Studio 54, Morgans, the Delano, and many other one-time hot spots were all masterminded by hotelier Ian Schrager. In their heyday, art-minded people loved being surprised and disoriented by his off-putting interiors; they rushed to share the company of strangers exercising their senses at long, communal dining tables, indoor-outdoor lobbies, and shallow swimming pools that served as liquid lounge areas. Schrager proved that aesthetic discomfort, done well, could turn profits.
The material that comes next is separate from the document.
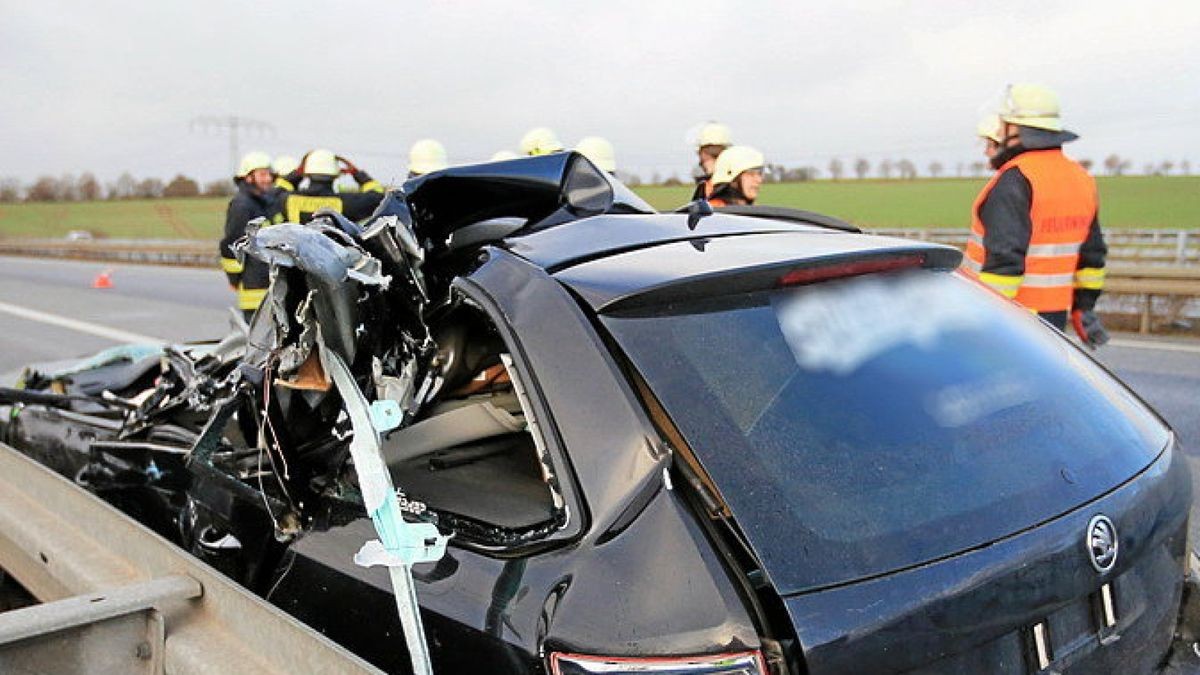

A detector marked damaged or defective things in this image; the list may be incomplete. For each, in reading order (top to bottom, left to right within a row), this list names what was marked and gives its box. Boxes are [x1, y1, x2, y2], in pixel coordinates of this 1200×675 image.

But the bugaboo of Schrager’s success came when non-hip people checked in and hip people moved on, while he found himself in an arduous competition to create the newest thing. (As designers well know, nothing is more exhausting and expensive.) So in 2005 Schrager did something strange: He denounced all of those ventures as “slick, spiffy, and overstyled” and started a new firm to develop hotels and condos that were “innovative” and “meaningful” but that couldn’t be emulated. The firm’s first project was the recently redone Gramercy Park Hotel. As the name suggests, it overlooks Gramercy Park, the only private park in Manhattan. Hotel guests can borrow a key, or they can access the private roof garden via a keyed elevator. Perhaps this is all meant to ooze exclusiveness. But otherwise, the place is quite welcoming.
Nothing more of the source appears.